Scandal and the Vatican: Let’s Not Talk About Kansas City


The news that an American bishop had been charged with failing to report child abuse should have been collosal news in the Vatican.

But the response has been as if the case is far away and far removed from the Holy See — and the Papacy that is so quick to come down on questions of celibacy, women priests and the rights of gay Catholics appears to regard the American scandal, involving a priest and what seems to be child pornography, as a matter for local jurisprudence.

On last Friday, prosecutors in Kansas City, Missouri, secured an indictment from a grand jury that alleges Bishop Robert Finn neglected to inform the police for months after discovering “hundreds of disturbing images of children” on a priest’s laptop in December 2010, including photographs focused on the crotch, upskirt pictures and at least one image of a child’s naked vagina.

The offending priest — Shawn Ratigan — was relieved of his position as a church pastor and transferred to a convent, but neither the police, his parishioners, nor the parents of a nearby Catholic school were informed of the pictures until May 2011.

In the interim, Ratigan continued to attend events involving children, including birthday parties and a first communion, and allegedly attempted to take lewd pictures of a 12-year-old girl.
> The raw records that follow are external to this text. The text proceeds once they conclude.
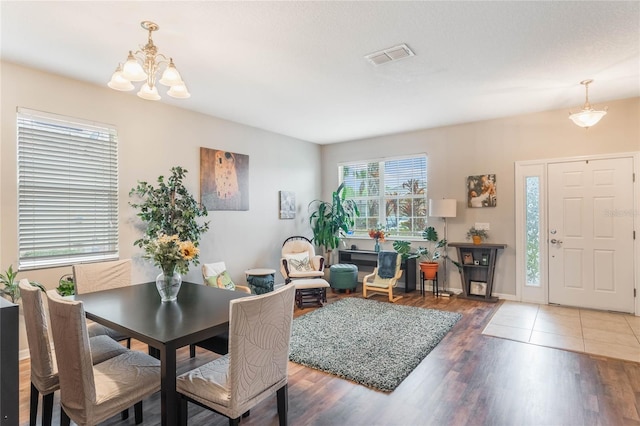 dining area with a notable chandelier, visible vents, and wood finished floors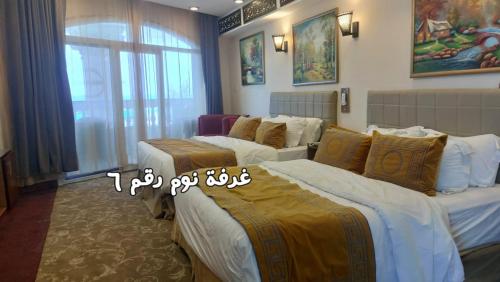a hotel room with three beds and a window at Resort altayar Villa altayar 1 Aqua Park with Sea View in Sidi Krir 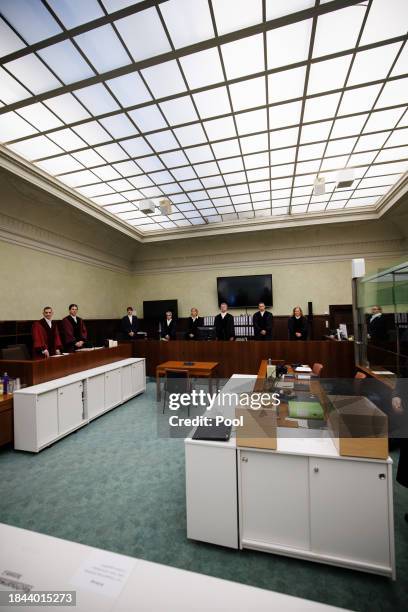 The presiding judge Detlev Schmidt and colleagues and prosecutors Lars Malskies and Cai Rueffer stand inside the court room prior to the beginning of...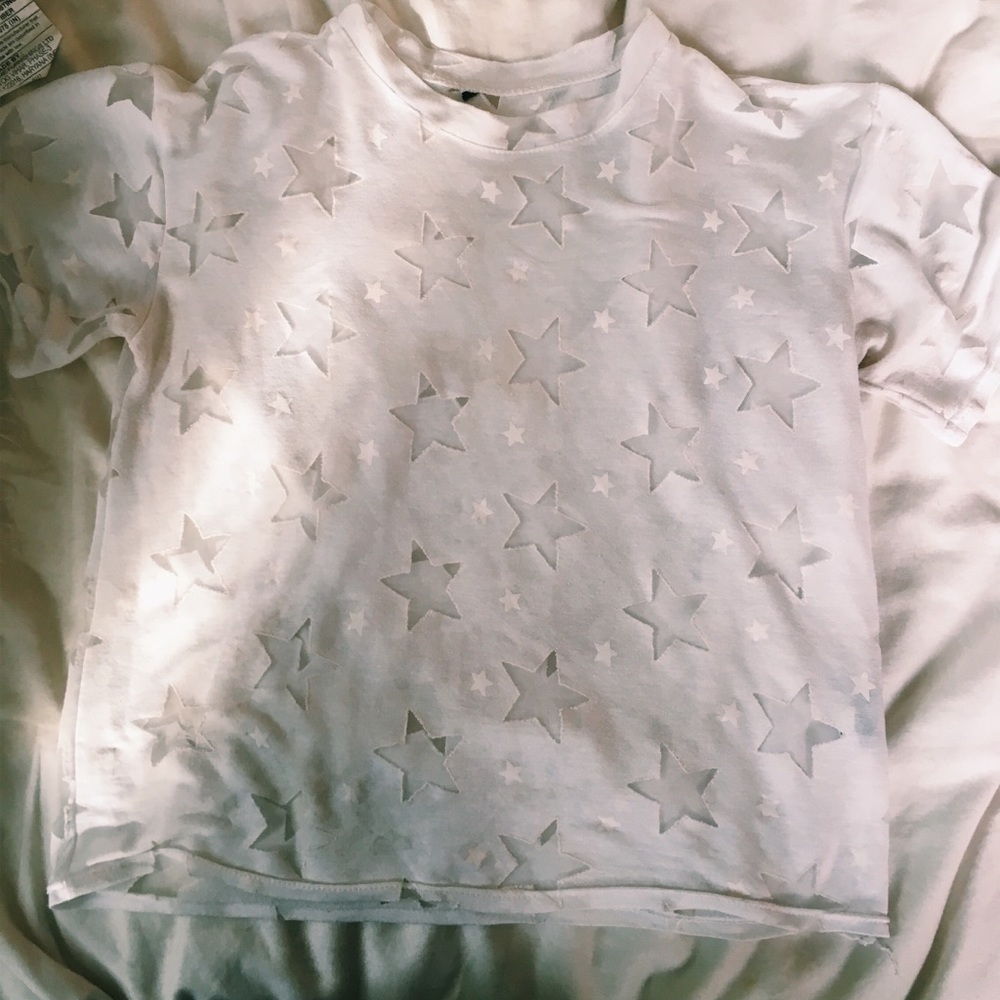 White tee with mesh star detail.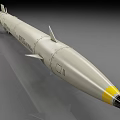 Tomahawk Missile Military Weapon With Yellow Tip Tail Fins And Cylindrical Body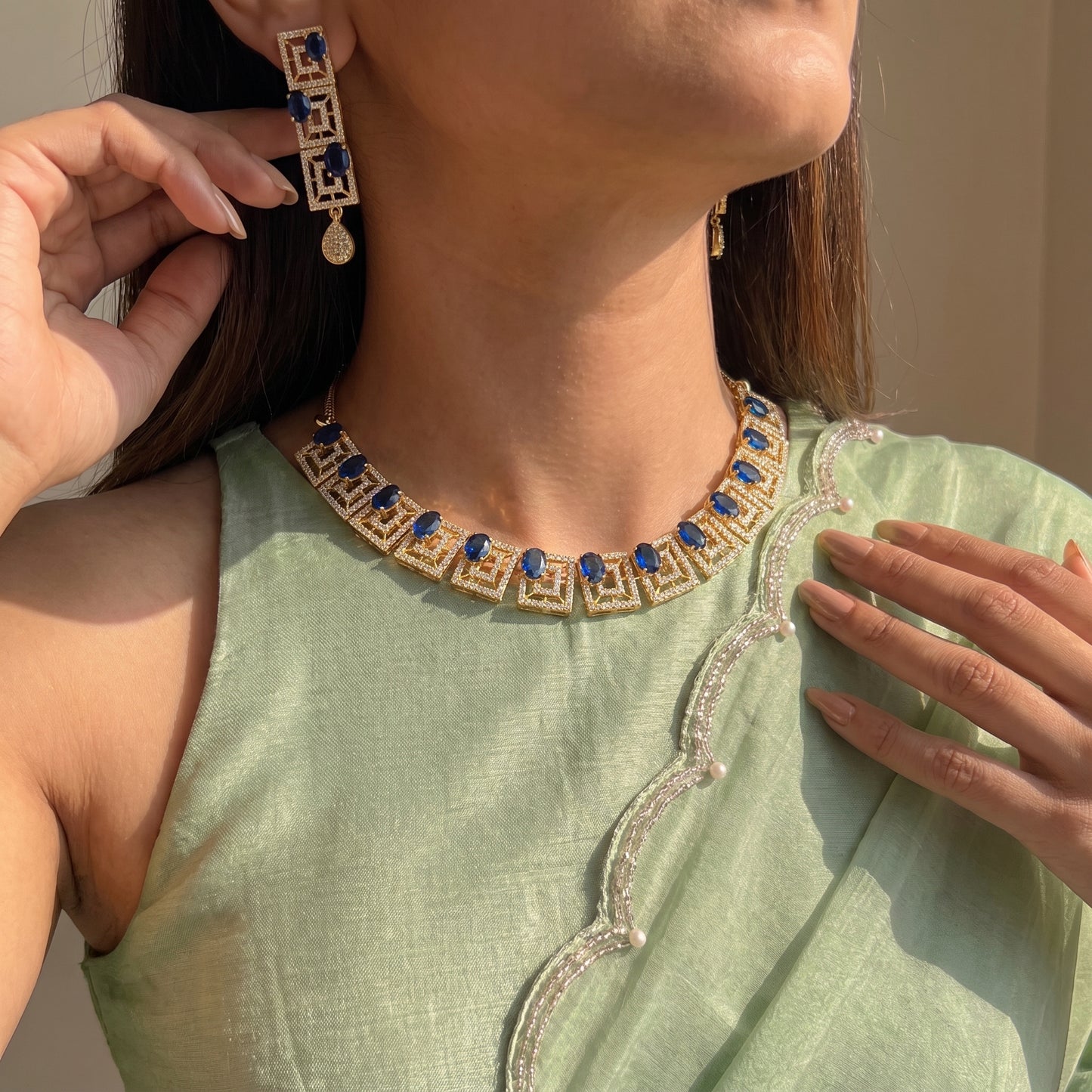 Gold polish blue stone necklace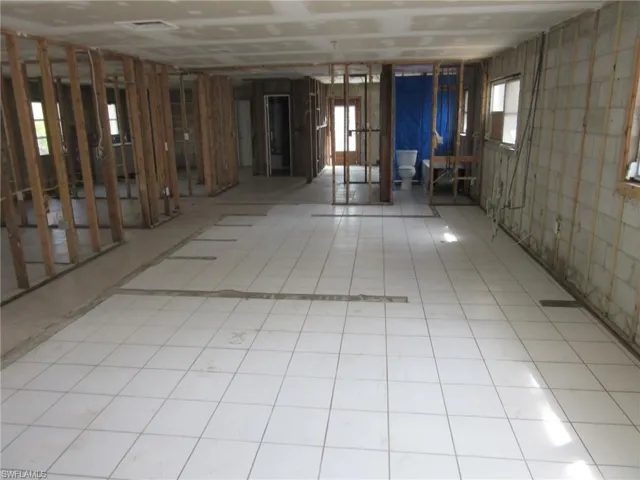 Misc room with light tile patterned floors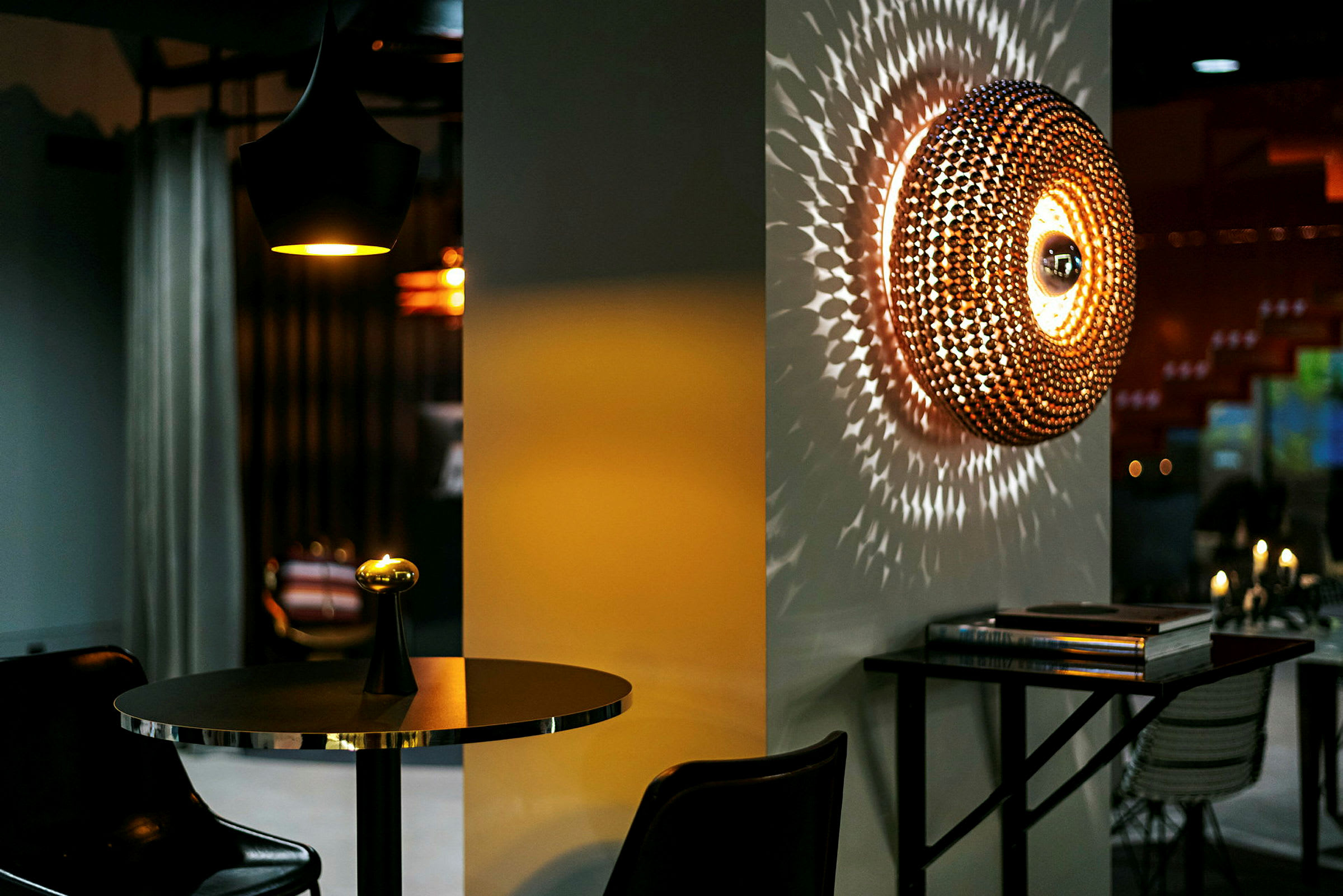En interiör med ett modernt bord med en liten lampa och en väggdekoration som sprider ljusmönster. (AI-genererad text)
Finn and Ratigan have both pleaded not guilty to the charges against them.

The case against Finn marks the first time a bishop in the United States has been indicted for failing to report abuse by a priest under his supervision. It comes nearly 10 years after the U.S. Conference of Catholic Bishops adopted policy mandating that dioceses report allegations of sexual abuse to the public authorities and seven months after the Vatican urged all bishops across the world to institute similar measures.

It also comes three years after a $10 million settlement in Kansas City with 47 plaintiffs alleging abuse at the hands of priests, in which Bishop Finn agreed to immediately inform the police of any suspicion of sexual abuse by members of his diocese. However, when the Vatican was contacted for comment, regarding the allegations, it demurred, citing the pending charges.

“There is a legal procedure under way,” the Vatican’s spokesperson Father Federico Lombardi told a reporter for the AFP. “Any intervention could be interpreted as interference.”

The Vatican’s tepid response highlights a chasm between the public perception of the way the church is organized and the structure by which it usually operates. While most outsiders imagine the Catholic Church as a monolithic hierarchy, with a direct line of command from the Pope down to most junior priest, for many inside its ranks the better analogy is a community, in which the Vatican plays a coordinating role for a host of almost completely independent dioceses.

“The church doesn’t work at all like a centralized machine, in that a command that comes from above is automatically communicated to the parts of the machine below,” says Sandro Magister, editor of the Rome-based website Chiesa (Italian for “church”). “The autonomy of single bishops is very strong.”

Thus, while an outside observer might draw a line of accountability directly to Rome, from the Vatican’s point of view responsibility for a sex abuse scandal would more traditionally lie at the local level. Indeed, in other cases, lawyers for the church have explicitly argued that bishops don’t work directly or the Vatican.

But, under Pope Benedict XVI, the Vatican has nonetheless begun to ratchet up the pressure, according to Phil Lawler, editor of, and a long-time critic of the Church’s slow response to the 25-year-old sex abuse scandal.

“The Vatican is gradually getting a grip on it, if not in this country, in others,” he says.

In Ireland, for instance, the church forced the resignation of three bishops who failed to report abuse by priests.

“I think you’re starting to see steadily more active supervision,” says Lawler, adding that the Vatican would nonetheless likely continue to have a largely hands off approach. “The autonomy of bishops isn’t going to away,” he says. “That’s fundamental to the structure of the church.”

Yet for the victims of the abusive priests, it’s not an argument that has much resonance. After all, when a priest advocates ending the tradition of celibacy or in favor of the ordination of women, the Vatican is quick to clamp down.

“Rome does have a direct influence on diocese around the country and around the world,” says Michael Hunter, the Kansas City director for the Survivors Network of those Abused by Priests (SNAP) who has filed a new lawsuit against Finn for breach of contract, alleging that the bishop failed to live up to the terms of the earlier settlement.

“The Vatican really could and should come down on the moral side of this and really chastise this diocese,” he adds.

“And the heck with the legal issues.”